Paris attacks 'wake up event' for artists: Redford at Sundance23 january 2015, 11:11
The Charlie Hebdo attacks in Paris were a "wake-up event" for freedom of expression, movie legend Robert Redford said Thursday as he launched the Sundance Film Festival, a showcase for independent cinema, AFP reports.
He vowed that the 11-day festival, which features edgy and sometimes provocative films as opposed to more mainstream Hollywood movies, would be a "safe place" for independent filmmakers.
"There is an attack on freedom of expression in many different places, it's not exclusive to Paris," he told reporters, but added: "That was a sad event, it was a shocking event.
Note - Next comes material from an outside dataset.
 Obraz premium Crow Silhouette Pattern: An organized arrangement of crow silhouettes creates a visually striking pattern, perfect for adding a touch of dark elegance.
"I also have a hunch it was a bit of a wakeup event," he said when asked about the attacks on the Charlie Hebdo satirical weekly which left 12 people dead.
"We believe in diversity, and freedom of expression is very much fundamental to us. ... You see a lot of films here that are going to upset other people, but that is OK -- it's diversity," he added.
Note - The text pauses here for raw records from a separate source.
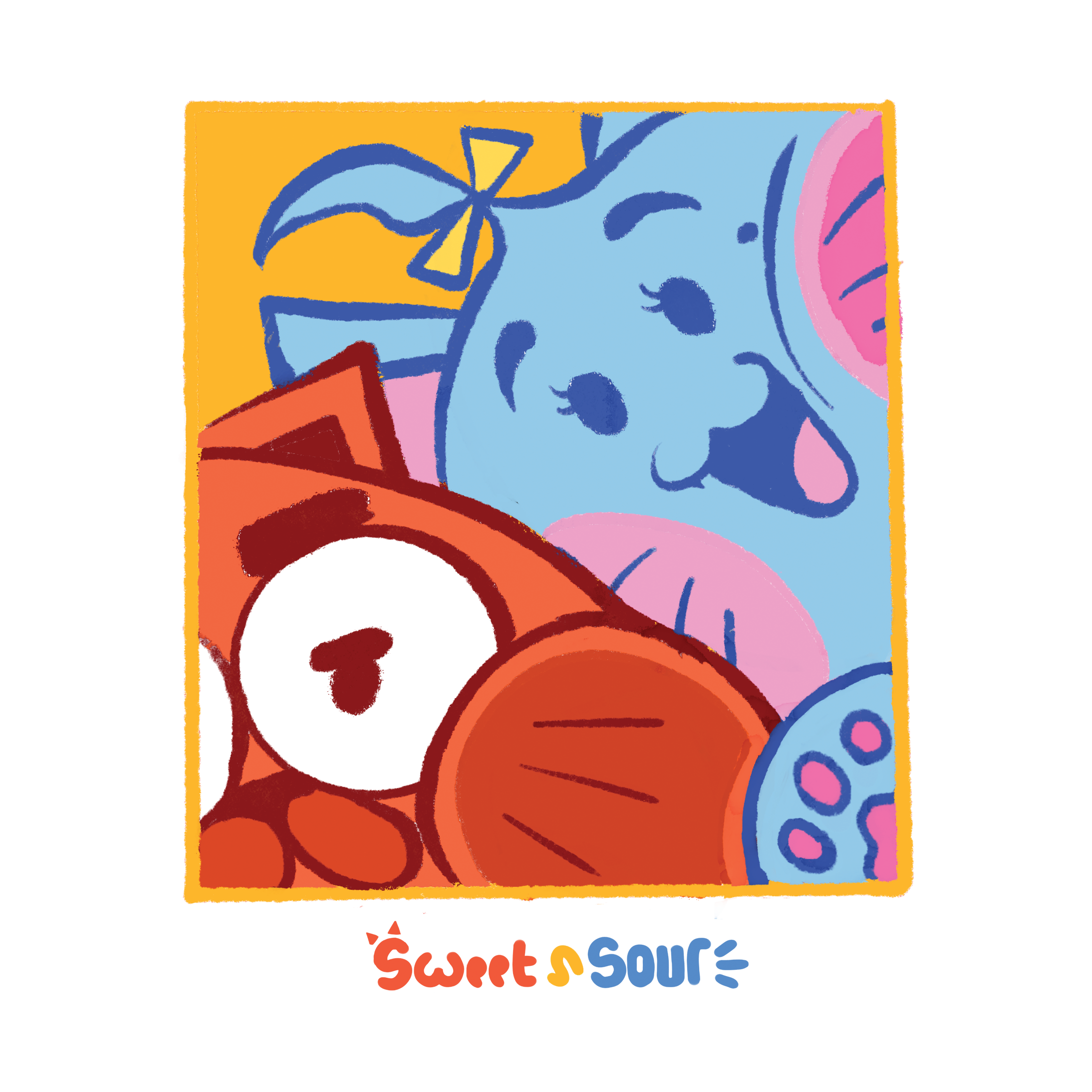 Colorful abstract artwork featuring various shapes, swirls, and patterns in bright colors like orange, pink, blue, and yellow.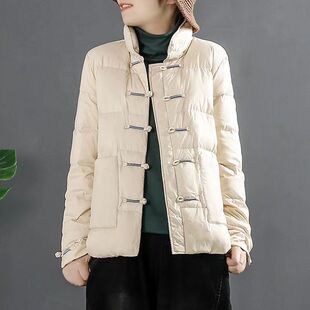 反季清仓复古盘扣立领轻薄羽绒棉服女宽松加厚百搭保暖面包服外套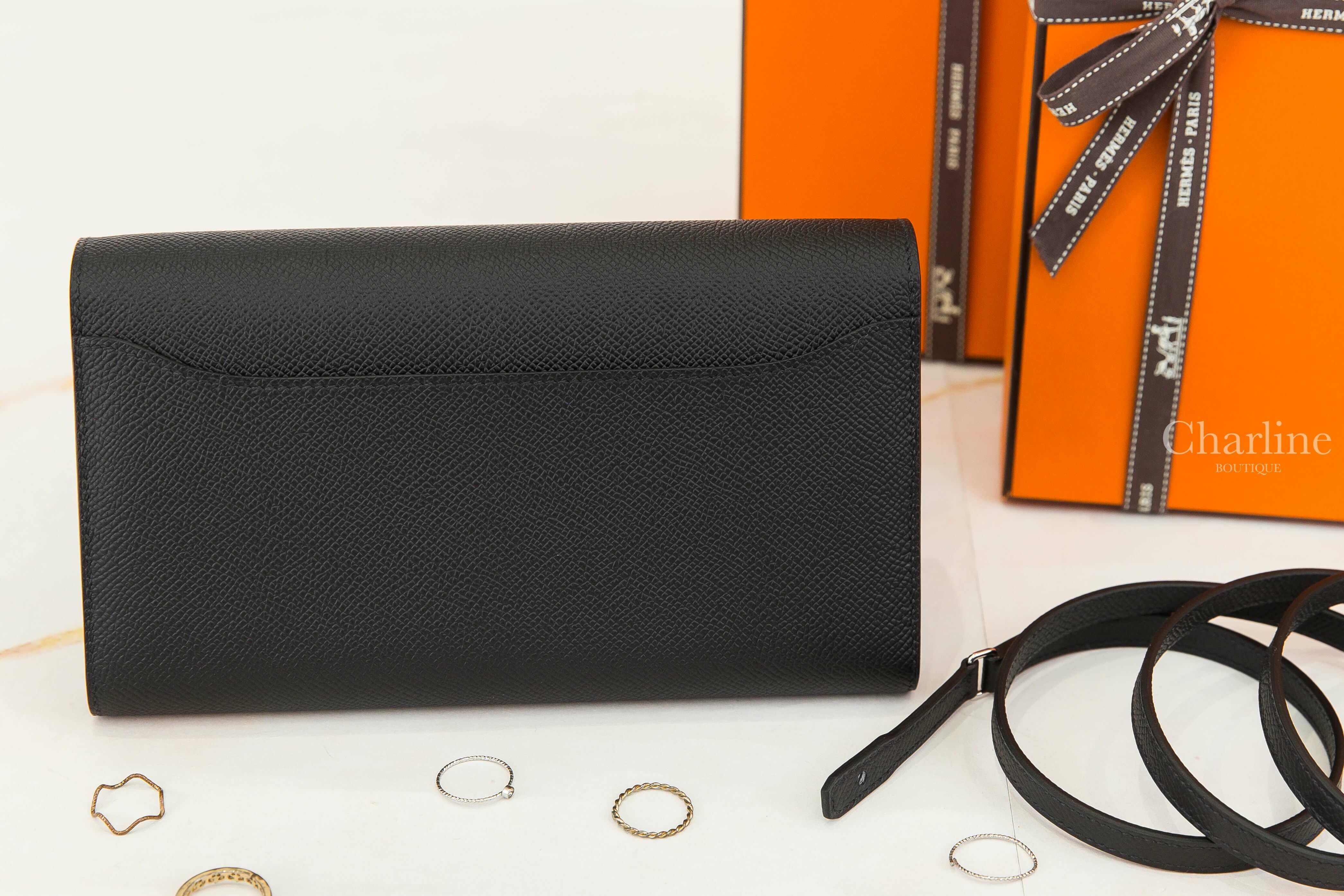 Hermès Constance Long To Go Wallet 89 Noir Epsom 黑色銀釦肩背包-Charline Boutique 精品代購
Redford continued: "Freedom of expression seems to be in danger in a lot of areas, but as far as we're concerned, we will do everything in our power to keep it alive here."
Some 200 films will be screened at the festival -- held annually in the Utah ski resort of Park City, and now in its 31st year -- between Thursday and February 1.
"The idea ... to try to create a safe place for filmmakers ... is what I think Sundance represents," said the 78-year-old, who named the festival after his character in 1969 classic "Butch Cassidy and the Sundance Kid."